In addition, the relationship processes 684 can end by storing the
associations in a database for generating a fault representation as
described herein.
[0052] In some examples, the method 676 can determine that a node
is not a system manager or a rack manager. In these examples, the
method 676 can determine if the node is network infrastructure at
682-3. If the node is network infrastructure, the method 676 can
evaluate the network infrastructure through a number of
relationship processes 684. In some examples, the relationship
processes 684 for network infrastructure can include, but is not
limited to determining associated parent networks.

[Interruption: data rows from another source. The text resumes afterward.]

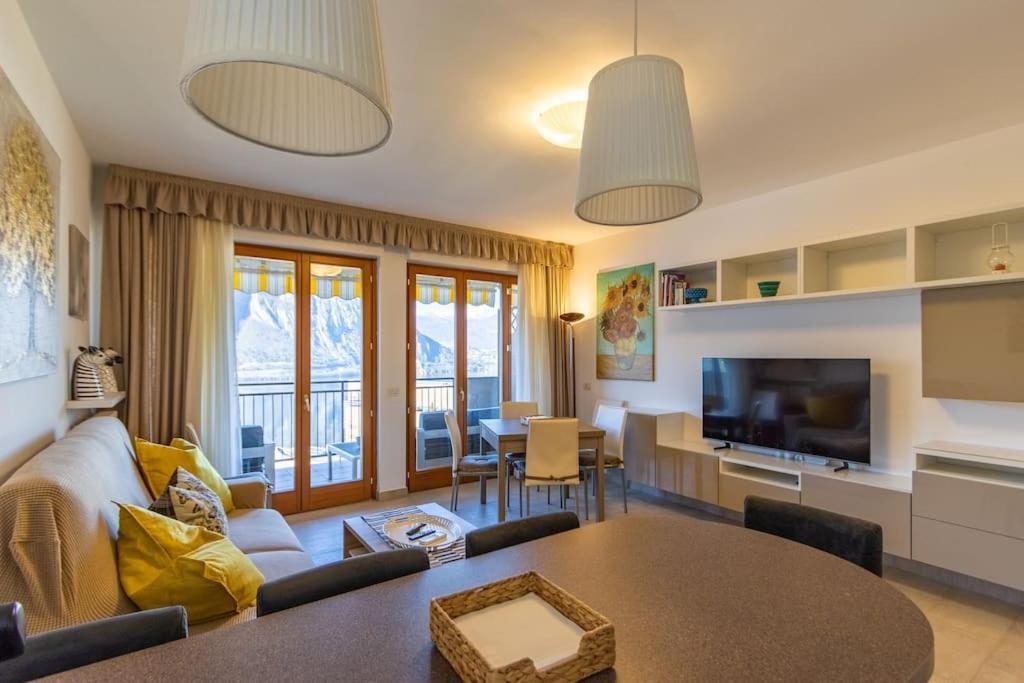 Wraparound Lake Views Bellavista Residence Campione dʼItalia Zewnętrze zdjęcie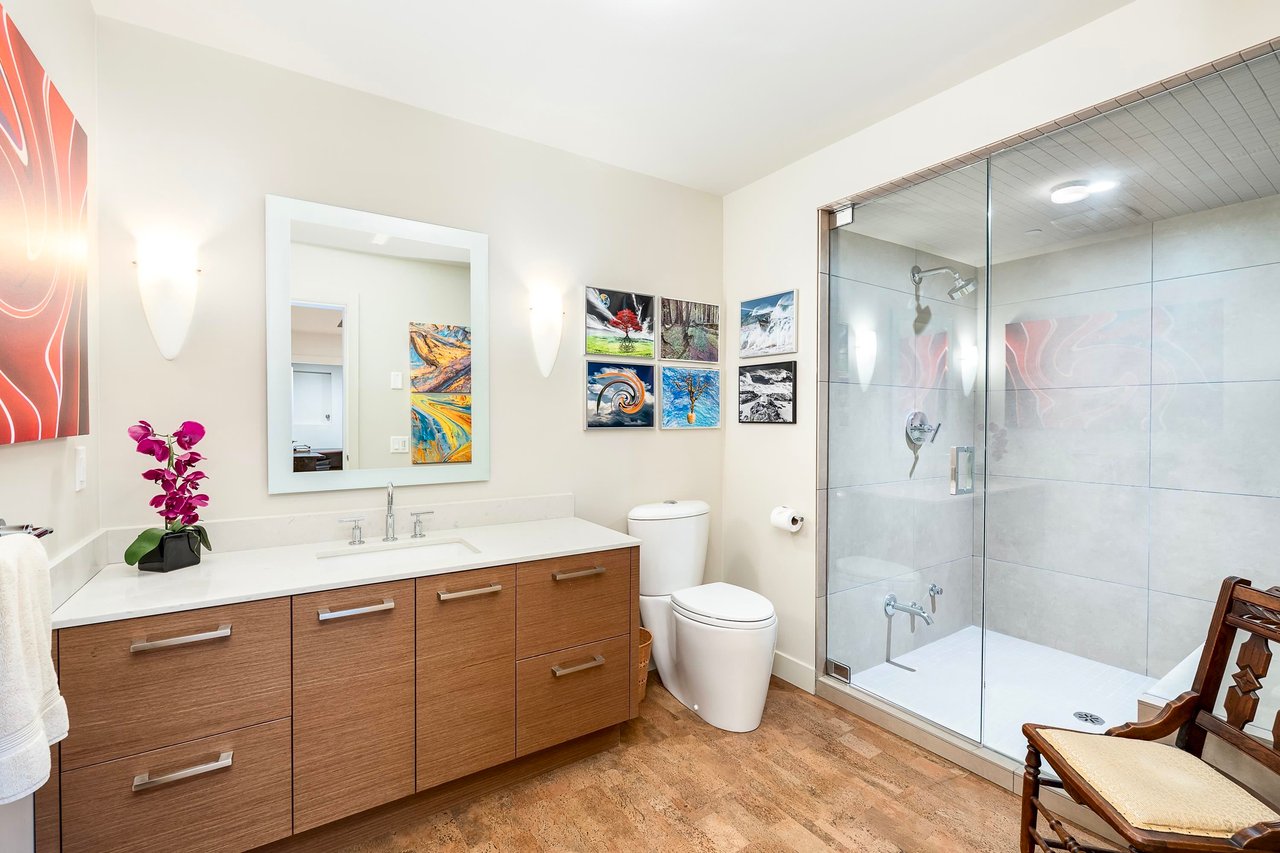 389 MOYNE DR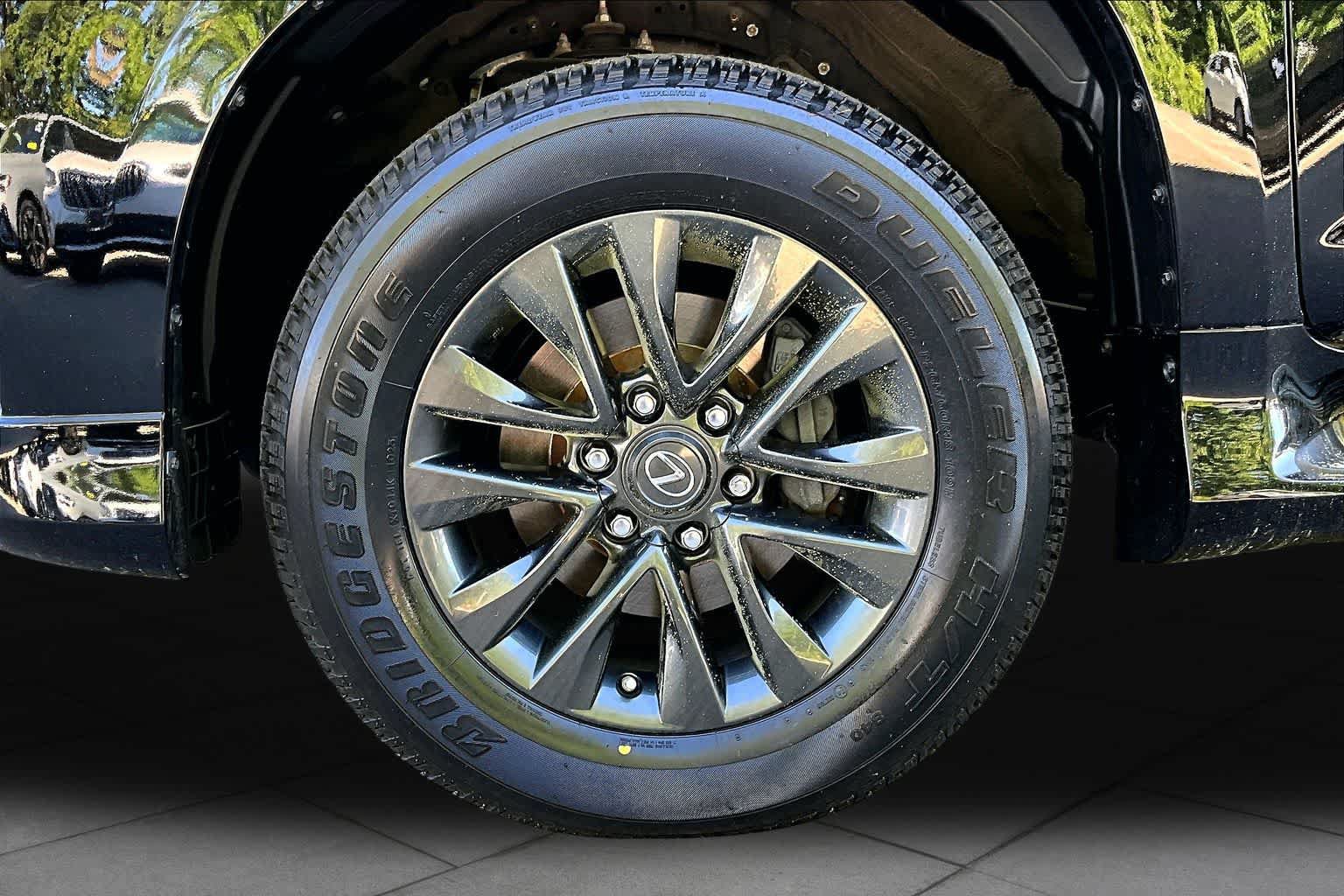 Used 2023 Lexus GX 460 Premium w/ Premium Package AWD/4WD image 11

In addition, the
relationship processes 684 can end by storing the associations in a
database for generating a fault representation as described
herein.
[0053] In some examples, the method 676 can determine that a node
is not a system manager, a rack manager, or network infrastructure.
In these examples the method can determine a device type of the
element, determine associated devices based on the device type and
device profile of the element. In addition, the device type and
associated devices of the element can be stored in a database for
generating a fault representation as described herein.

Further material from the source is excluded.